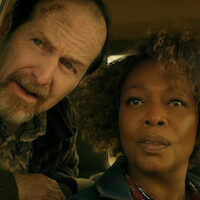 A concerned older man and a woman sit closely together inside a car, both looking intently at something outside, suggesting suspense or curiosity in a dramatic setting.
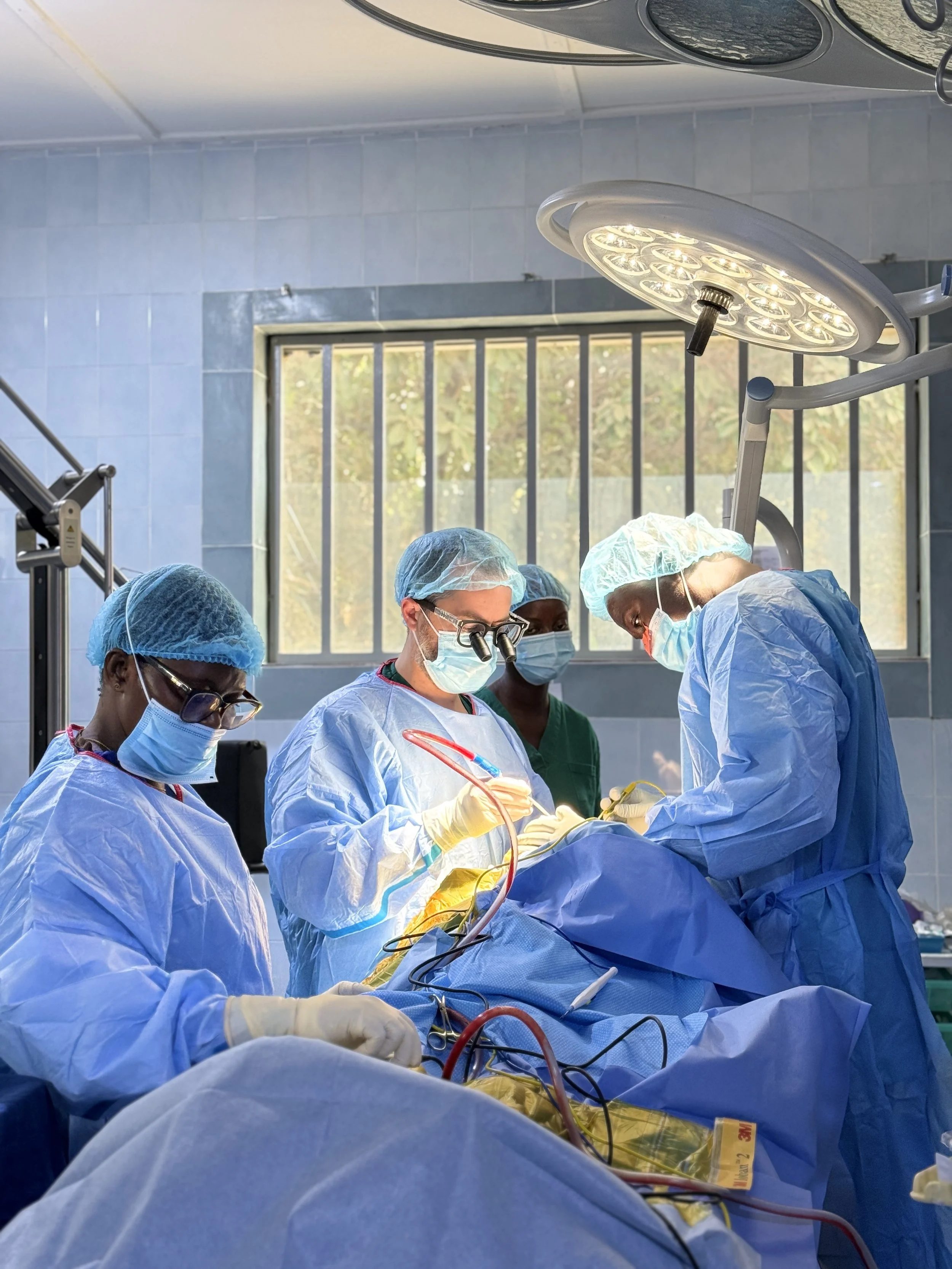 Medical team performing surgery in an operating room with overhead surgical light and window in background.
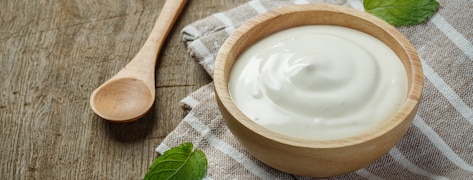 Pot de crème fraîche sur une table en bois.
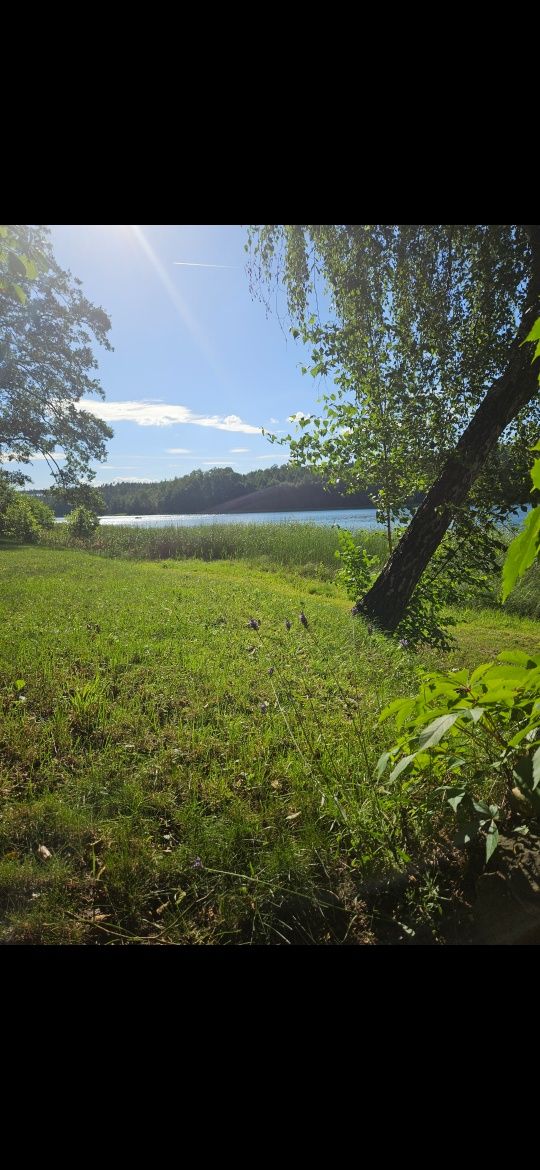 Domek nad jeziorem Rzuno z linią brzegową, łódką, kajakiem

· · · ·

REQUIRED WORK:
Nothing but the lines from the one that holds "Pot de crème fraîche sur une table en bois." through the end of the data should appear, written out exactly, without pictures.

RESPONSE:
 Pot de crème fraîche sur une table en bois.
 Domek nad jeziorem Rzuno z linią brzegową, łódką, kajakiem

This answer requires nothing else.